Synthetic identity theft is impacting all sectors of the economy, including financial, healthcare, the public sector, where benefits are illegally acquired, and the automotive sector, where new vehicles are being acquired using false information. Unfortunately, the problem is quickly growing worse. According to the Federal Reserve, it’s costing each victim an average of $15,000.
Victims are generally those who don’t have access to credit monitoring help, including children, who are the highest category, the elderly and the homeless. Carnegie Mellon University issued a report that found that children had a rate that was 51 times higher than adults, with over 10% of those children having their social security information stolen.

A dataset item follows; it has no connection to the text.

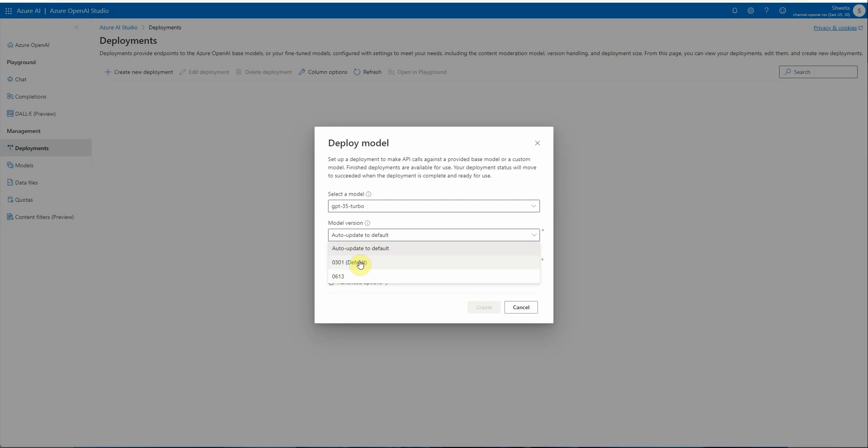So let's say today the default version is 0301, tomorrow it could be 0613. As per the current documentation, version 0301 of GPT-3.5 Turbo will be retiring no later than July 5, 2024.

Synthetic Identity Theft – In A Class by Itself
Unlike standard identity theft, where a cybercrook steals a person’s identity, synthetic identity thieves steal a Social Security number or other key personal data and create a completely new identity. In traditional identity theft, a criminal pretends to be a real person using stolen information to gain access to their credit.
A synthetic cybercriminal, on the other hand, combines bits and pieces of real information with made-up information to create a completely new phony identity. This “synthetic” identity is then used to generate all types of fraudulent activity. This includes stealing benefits and money, which harms banks and other financial institutions, especially when credit card fraud is involved. It also includes identity theft that is used to create false documents for residency and work. In addition, the criminal creates a completely alternative credit history using their own name and another person’s Social Security number.
In most instances, the criminal needs to have either a Social Security number or a Credit Privacy Number (CPN) in order to make their scam work. When a cyberthief creates a new credit history or account, it’s done to improve credit ratings and establish a new account, which they use to build up credit card available credit, and then max out the cards and never pay.
Sadly, the original victim is usually a child who had his or her Social Security number stolen. When the victim reaches the legal age of 18 or goes off to college, they often apply for credit and that is when the fraud is discovered. It is devastating to the original victim, and can take an inordinate amount of time and money to resolve the problem.
Avoiding Synthetic Identity Theft
So, how do cybercriminals gain access to the information that they need to create synthetic identity theft? Remember, they need several pieces of real information in order to create a synthetic account. One way is through hacking into your home or work computer. The best way to prevent this from happening is by using two-factor authentication and by being vigilant on using unique passwords.
To be effective, you need a password that is at least 10 characters in length, and always having a different one for each account. It would be impossible to remember those passwords, so you should use a password manager like DashLane, Bitwarden and LastPass, among others. Never leave your computer unattended, and if you’re using a public WiFi network at an airport or coffee shop, always use a VPN (Virtual Private Network) like SurfShark, ExpressVPN or CyberGhost VPN.
Possibly the most important step you can take is to make sure all unauthorized private information is removed from people search sites like Whitepages, Lexis/Nexis People Locator, US Search and PeopleFinders. The problem you’ll face is that there are more than 100 people search sites, and each one has its own rules and requirements for removing information and opting out.
If you were to do this on your own, plan on spending a lot of time – not only locating all of the different sites, but understanding how to remove the information as well. Some people say it’s like having a second full-time job. Hiring someone to do this would be quite costly, as you’ll need someone with the expertise required to remove your data from these sites.
Following the tactics above will help you avoid synthetic identity theft, and safeguard your information and the information of your children.